INPUT DATA:

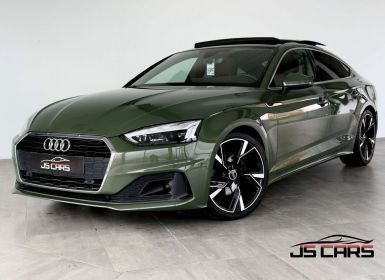 Audi A5 Sportback 2.0TDI TOIT OUVRANT COCKPIT CUIR CAMERA Occasion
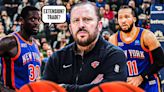 NBA rumors: Knicks' Julius Randle trade approach amid star watch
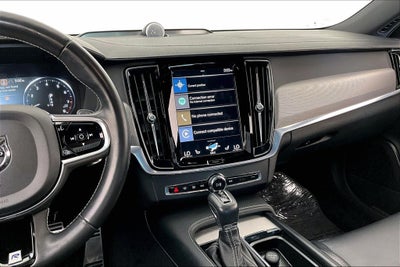 2020 Volvo S90 T6 R-Design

EXERCISE DESCRIPTION: The copy must match every line of the data exactly and contain no pictures.

OUTPUT FOR THIS TASK:
 Audi A5 Sportback 2.0TDI TOIT OUVRANT COCKPIT CUIR CAMERA Occasion
 NBA rumors: Knicks' Julius Randle trade approach amid star watch
 2020 Volvo S90 T6 R-Design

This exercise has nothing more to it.